I’m emotionally preparing myself for what will surely be a difficult weekend.
In the Fall, my step-father, whom we affectionately called General Jim, passed away after caring for my mother, Irene, for several years before he was forced to place her in a nursing facility when Alzheimer’s claimed the mind of the woman he loved.
They lived in Gahanna, Ohio, a suburb of Columbus. It became the only home my children ever knew in the states. We lived overseas their whole childhood, and we came home every summer and stayed with mom and Jim.
The house in Gahanna was “home.”
The memories I have there are wonderful. Mom and Jim were collectors of, well everything, like most people of their generation. I would call their house cluttered, but for them, the plethora of nicknacks occupying every corner of their home, including a fully stocked pantry in the basement in case of emergencies and boxes of unopened electronics that Jim would buy on sale, made up a life they shared together.
They married later in life, after their respective spouses passed away, so when they joined together to enjoy their later years together, they also brought with them the memories and stuff that came from a previous life just as replete with memories.
The house has no theme, no thoughtfully planned-out interior design. It’s just a collection of stuff that accumulated — some of it worthless apart from the meaning behind each item.
Just before Jim passed away, I went up to visit him with my brothers and every bit of their “stuff” melted my heart and the words spoken feebly, “I miss your mom” and “I love you, too” — his last to me — linger in my thoughts.
The bedroom in which I slept when I visited holds some of the things I left behind just to make it mine. The room the kids slept in, filled with old books with titles that are written on my heart forever, brings a rush of sweet memories of watching them bond with their grandmother and the only American grandfather they knew.
The table in which we gathered for meals brings the sweet sounds and smells of cooking, the commotion of five kids preparing for dinner and my mom calling us together to sit and recount our day and to hear stories of Jim’s experiences fighting for us in France during World War II and the incredible tales of the lives of two extraordinary people.
How do you clear out a house that holds so many memories?
In some ways, it’s not saying goodbye to people that is so difficult, it’s saying goodbye to memories that were and that can never be again.
Even more troubling is my mom is still alive, still with us in a very limited capacity. She doesn’t realize what is happening to her home, that we are gathering at their house in Gahanna this weekend with Jim’s son and daughter to sift through their belongings and decide who takes what and what gets donated or simply thrown out. Mom has no use for any of it anymore — which brings its own heartbreak for us — even though we stocked her room at the nursing home with items we thought might have meaning for her.

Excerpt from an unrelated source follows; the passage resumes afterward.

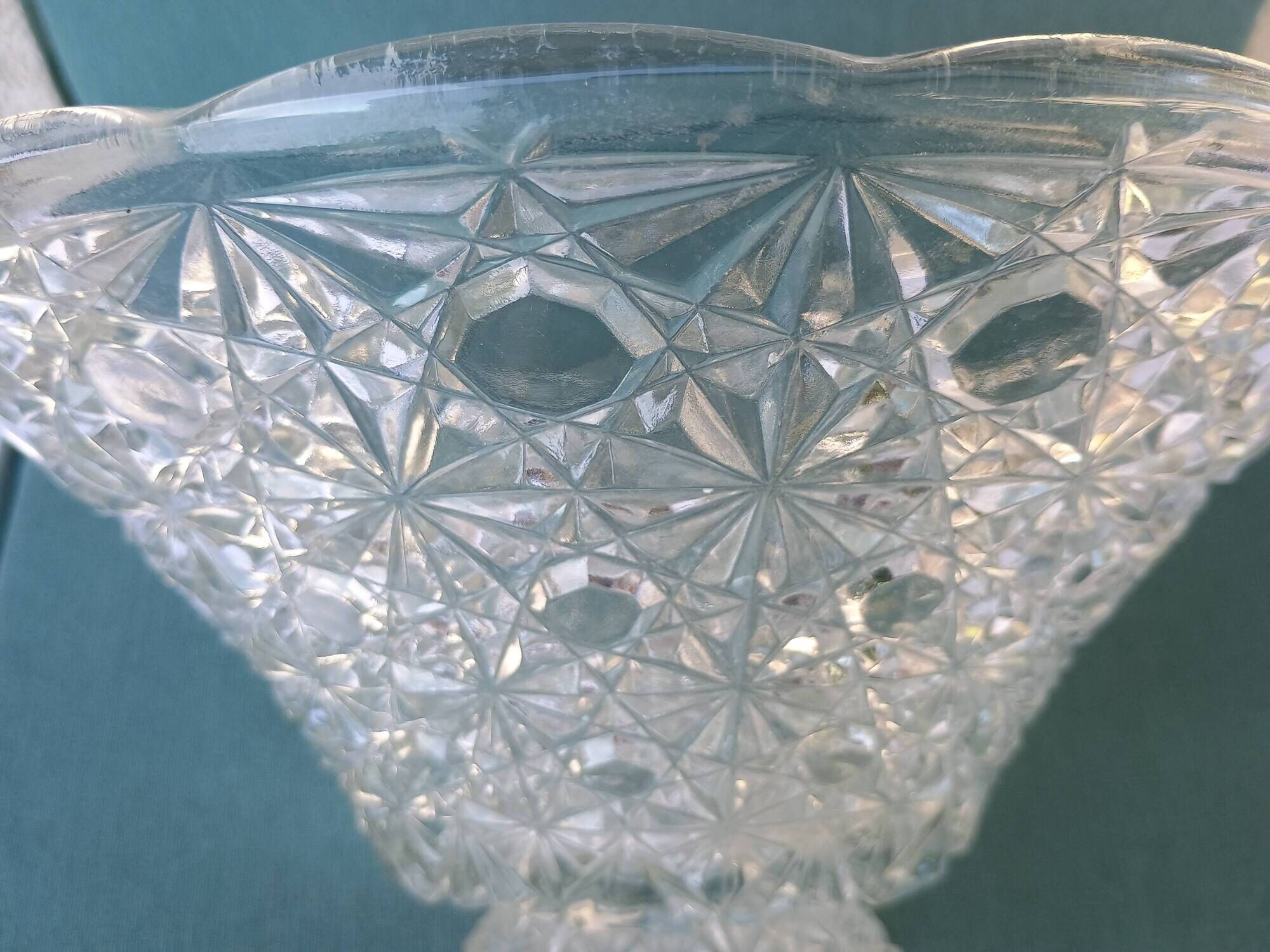 Flared fruit bowl with a pedestal, all made of pressed moulded glass, mid-20th century.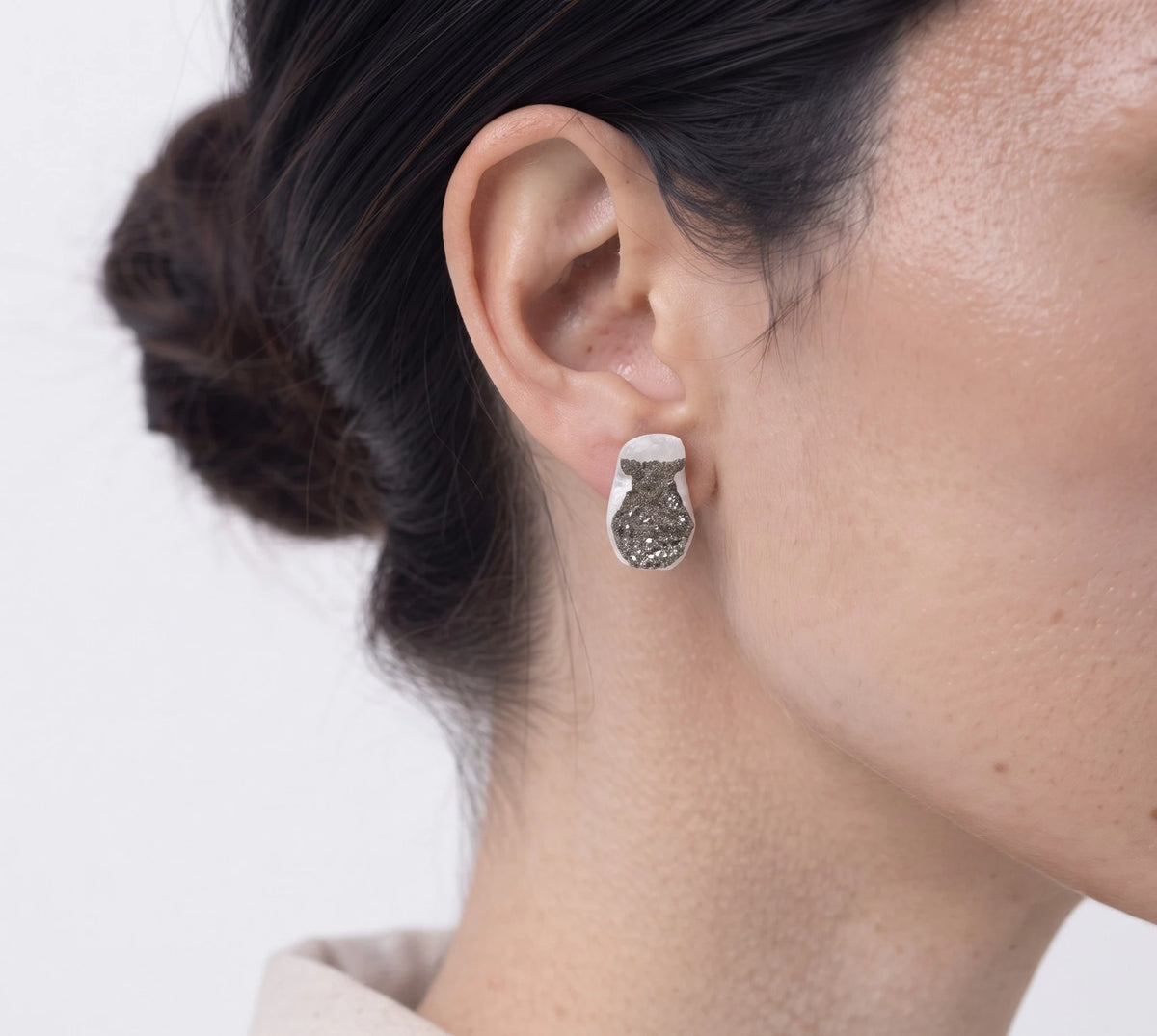 Sterling silver earring featuring a jug motif worn on the ear, shown in a close-up contemporary jewellery portrait against a soft white background, by Inês Almeida.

What do I choose? Every single item means something in one way or another. The cuckoo clock my brother, Mike, brought home to my mom when he was stationed in Germany … the one that lulled me to sleep every night as a child with its ticking? The creepy monk painting that my brother, Scott, and I joked about incessantly? The items my mom collected when she visited me and my family in France or The Netherlands or Finland or South Korea? Or what about the ugly porcelain pekingese that left me dumbfounded why she ever had it in the first place? There are a lot of those items, some of them came from my grandmother’s home when mom and my aunt Lynda had to clear her house upon her own bout with Alzheimer’s.
It’s just things, I tell myself. Collect treasures in heaven and not of Earth, the Bible says, and that’s kind of how I generally feel about stuff. I have removed most of the clutter in my own life, and not just metaphorically. But, the memories are another story. They are harder to release, and most of those items in their home seem to encapsulate each and every memory, so I don’t really want to let go of any of the stuff.
So off I go with brothers Mike and Scott
… heart heavy
… memories alive and sweet and tormenting.